START Supplied material

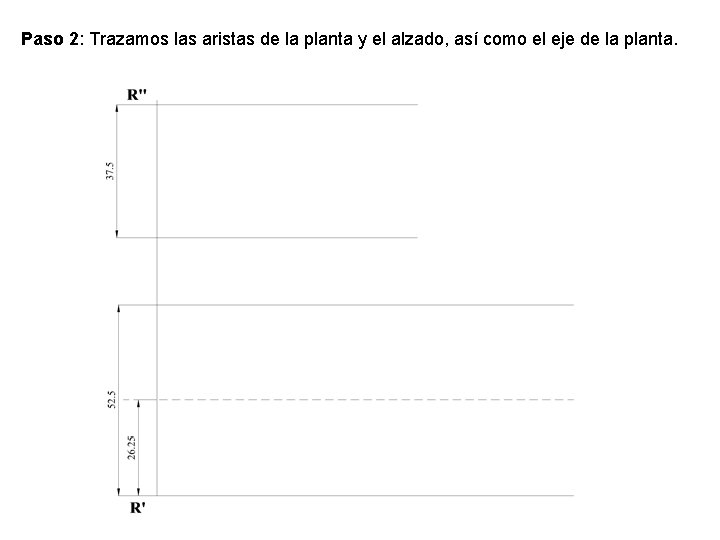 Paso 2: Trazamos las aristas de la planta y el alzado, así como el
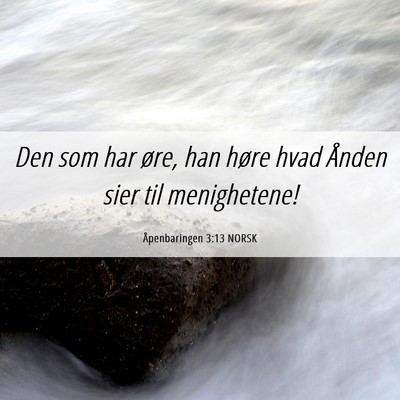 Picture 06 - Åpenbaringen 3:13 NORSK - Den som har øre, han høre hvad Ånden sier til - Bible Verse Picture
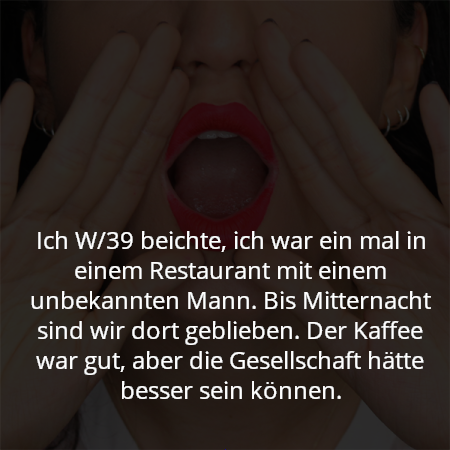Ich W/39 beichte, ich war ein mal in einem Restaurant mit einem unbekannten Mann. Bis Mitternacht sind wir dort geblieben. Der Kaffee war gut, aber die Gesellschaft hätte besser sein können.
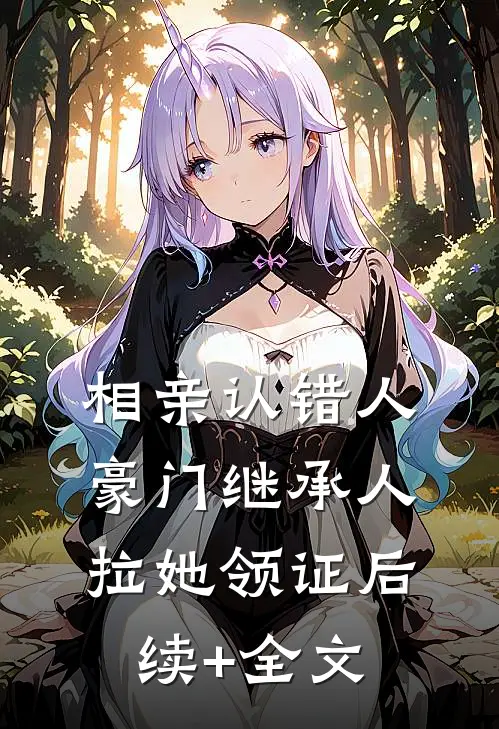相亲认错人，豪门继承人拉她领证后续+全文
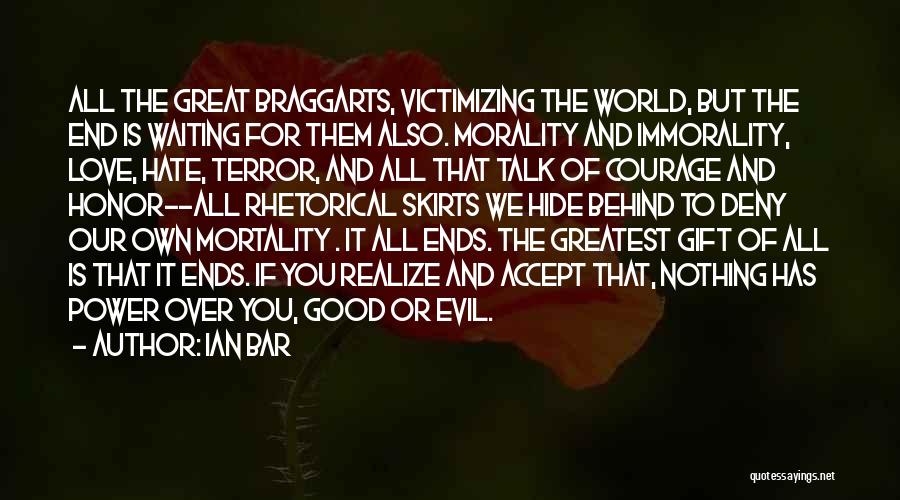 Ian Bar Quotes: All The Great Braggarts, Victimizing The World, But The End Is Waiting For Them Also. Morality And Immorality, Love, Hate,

END Supplied material

Aim of the exercise :: Every line from the one holding "Picture 06 - Åpenbaringen" to the last line of the listing above, inclusive, must appear exactly as written, and no picture may appear.

Answer section ::
 Picture 06 - Åpenbaringen 3:13 NORSK - Den som har øre, han høre hvad Ånden sier til - Bible Verse Picture
Ich W/39 beichte, ich war ein mal in einem Restaurant mit einem unbekannten Mann. Bis Mitternacht sind wir dort geblieben. Der Kaffee war gut, aber die Gesellschaft hätte besser sein können.
相亲认错人，豪门继承人拉她领证后续+全文
 Ian Bar Quotes: All The Great Braggarts, Victimizing The World, But The End Is Waiting For Them Also. Morality And Immorality, Love, Hate,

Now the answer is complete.